37. The Client agrees to permit the Company – to the extent that is necessary under the terms of its agreement with its Professional Indemnity Insurers – to disclose any privileged or confidential documentation or other information to our insurance and/ or insurance brokers, their professional advisers – as well as any other professional adviser for whom the Professional Indemnity Insurers deems it necessary to make such a disclosure.
38. In agreeing to these Terms, the Client accepts that the services provided by the Company to the Client are for the Client’s use and benefit only – and are related directly to the relevant subject matter. The Client agrees that such services provided by the Company to it must not be disclosed or relied upon by any third party without the Company’s express written approval, which is subject to any conditions the Company may impose at any time.
39. The Company undertakes to exercise reasonable care and skill in the provision of its services to the Client, subject to and including clauses 68 to 75.
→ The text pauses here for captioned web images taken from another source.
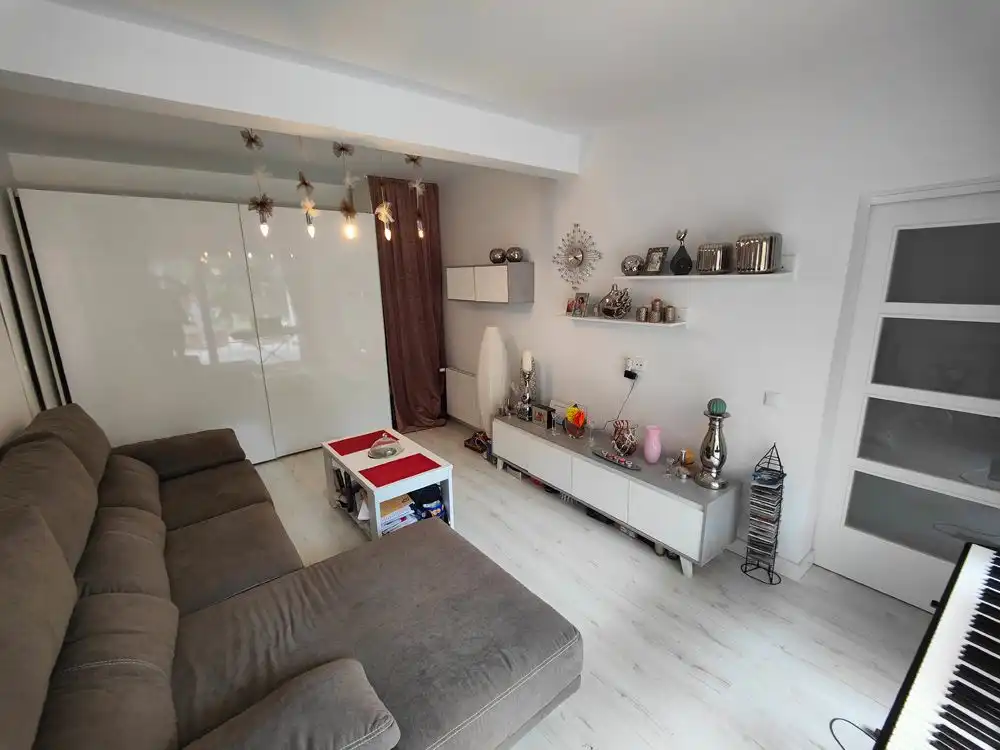 Sala d'estar de Casa adosada en venda en Gata de Gorgos amb Aire condicionat, Calefacció i Jardí privat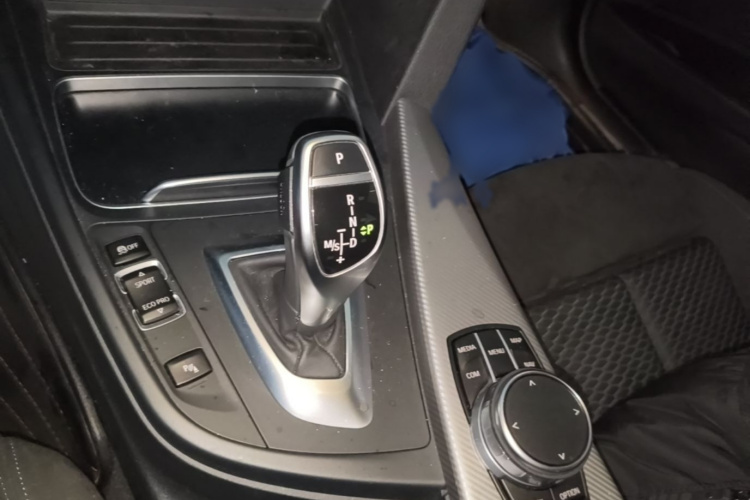 BMW 3 Series 2018 car image #16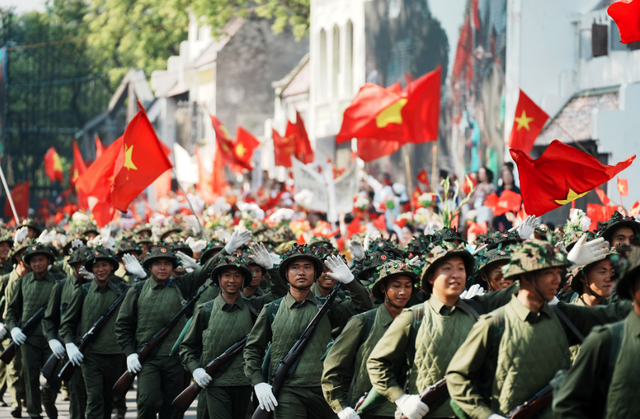 View -             Tái hiện hình ảnh 'Trùng trùng quân đi như sóng' gây xúc động    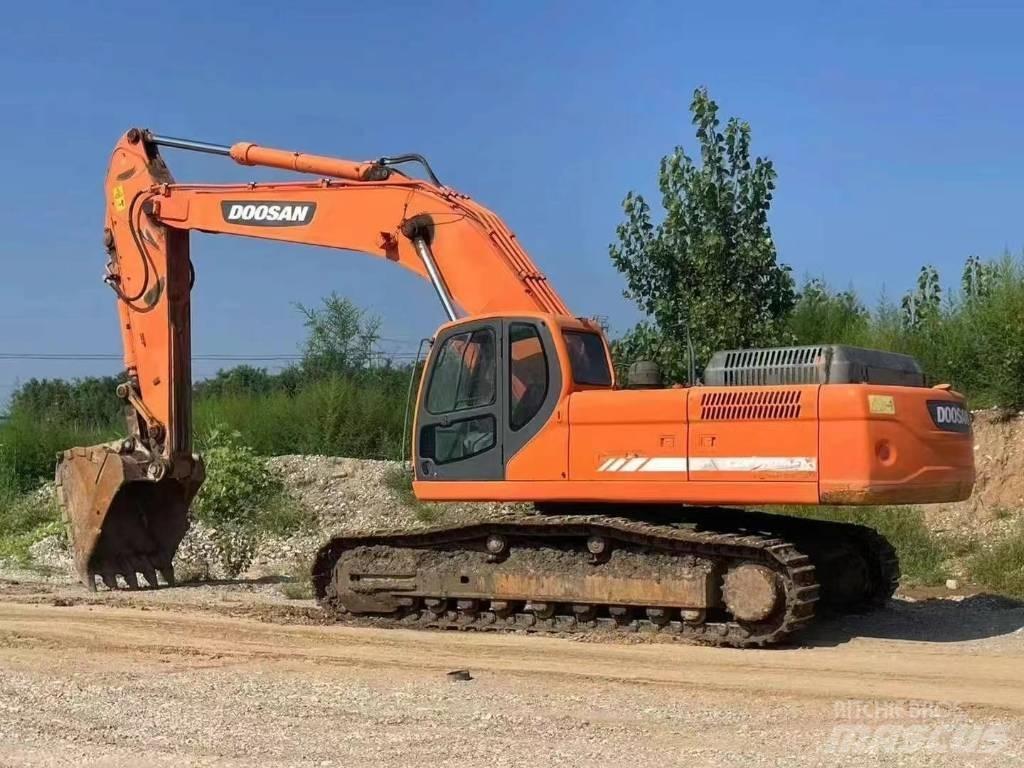 Doosan DX 420 Pásová rýpadla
40. The Company will use all reasonable endeavours to provide its services to the Client within the timescales agreed. The Client accepts that timescales may be amended on receipt of new information or because of ad hoc work agreed between the Client and the Company. The Client accepts that during certain busy periods, timescales may need to be amended.
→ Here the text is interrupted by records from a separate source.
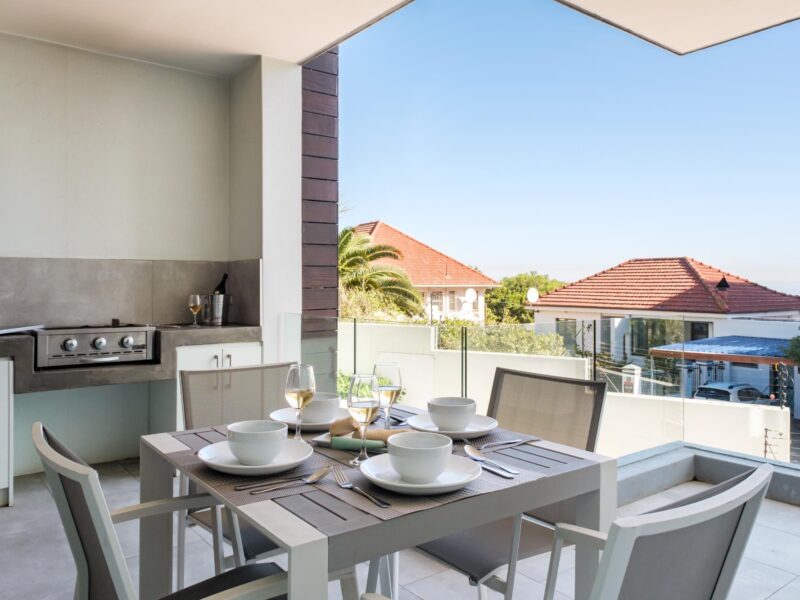 Sea Point 2 bedrooms, roof top pool, private terrace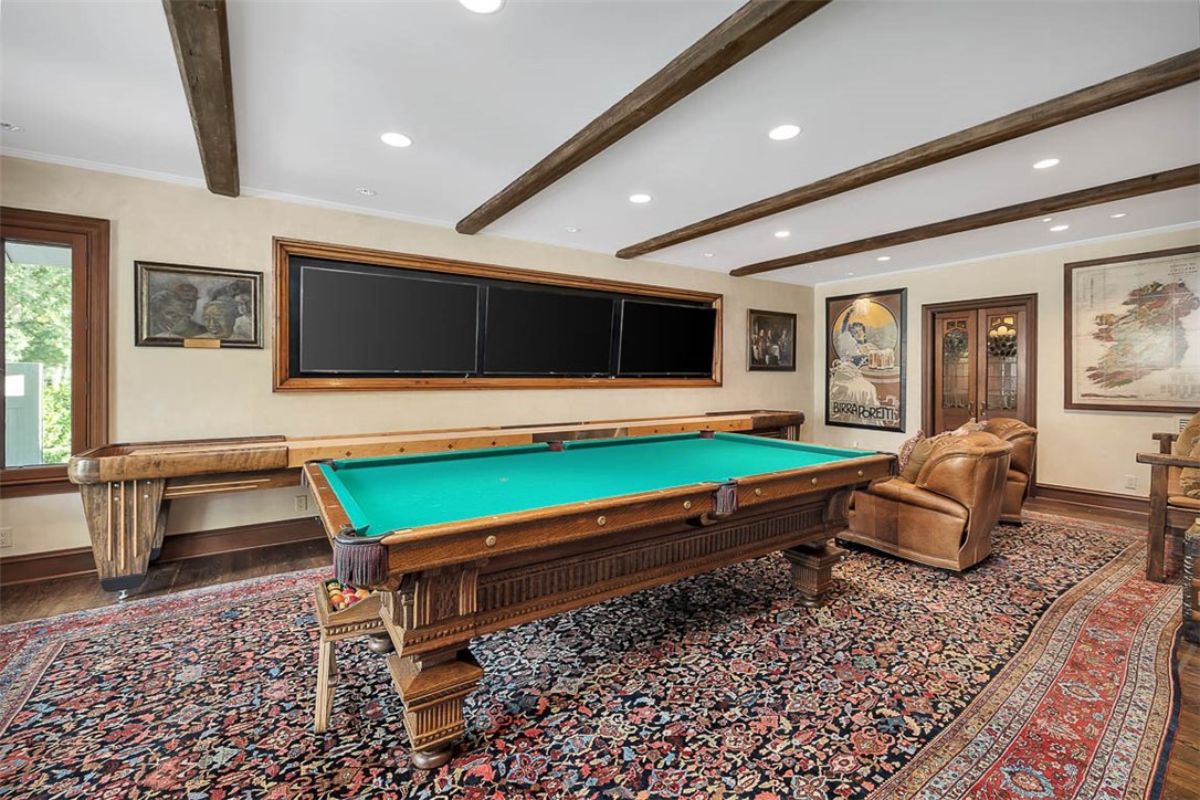 Pool table in the recreational room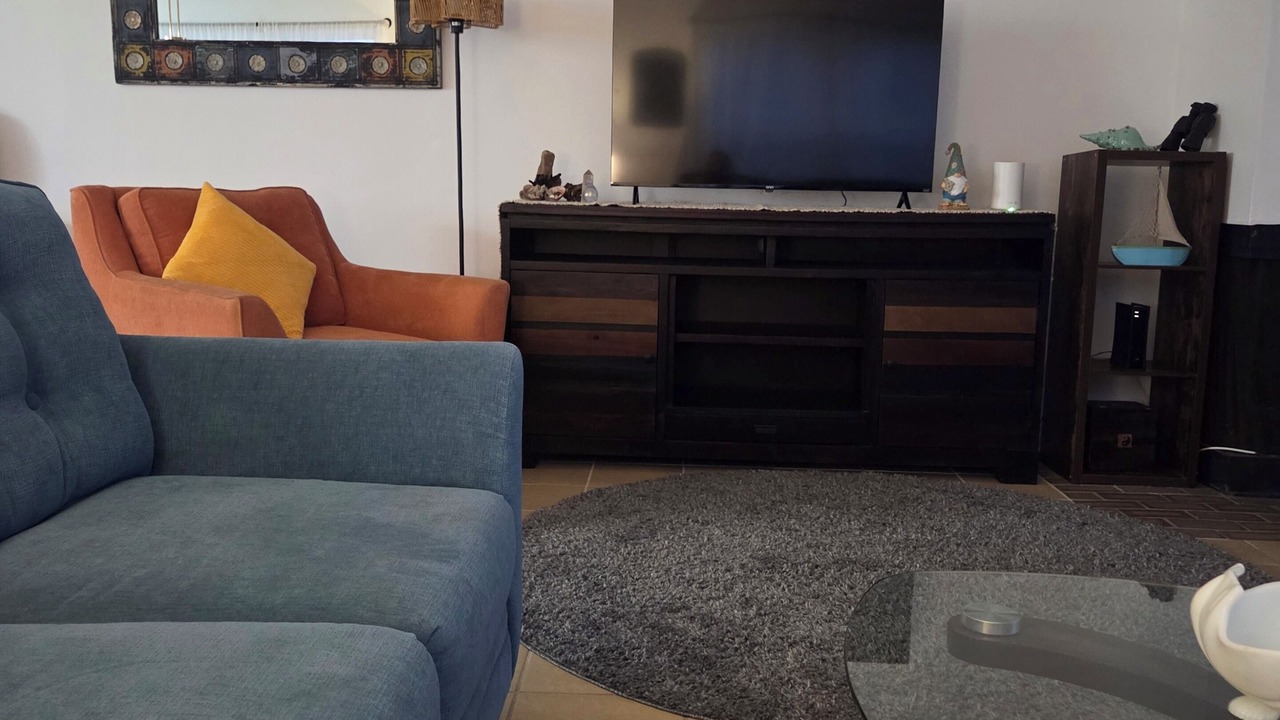 Photo of Livingroom in Bay Esplanade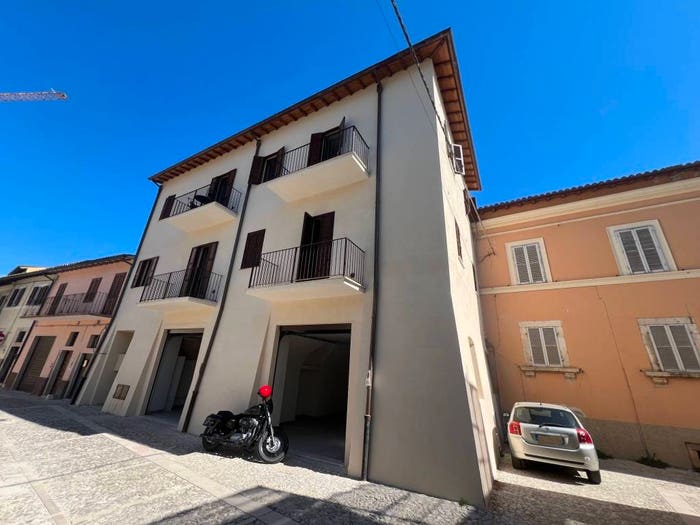Appartamento bilocale in vendita in Piazza Carignano, Centro, Norcia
41. The Company undertakes to provide all elements of its services in a manner which is consistent with the description of Services outlined within these Terms – as well as any other documentation which describes its services.
42. The Company agrees that where the Client engages in one of its services which requires liaison with any regulator(s) or an ombudsman (i.e., the FCA or the FOS), they will communicate information which they receive from the respective regulator(s) or ombudsman to the Client promptly.
43. The Company agrees that where the Client engages in one of its services which requires liaison with any regulator(s) or an ombudsman (i.e., the FCA or the FOS), it will communicate information which it receives from the Client, which is for the attention of the respective regulator(s) or ombudsman, to the respective regulator(s) or ombudsman promptly.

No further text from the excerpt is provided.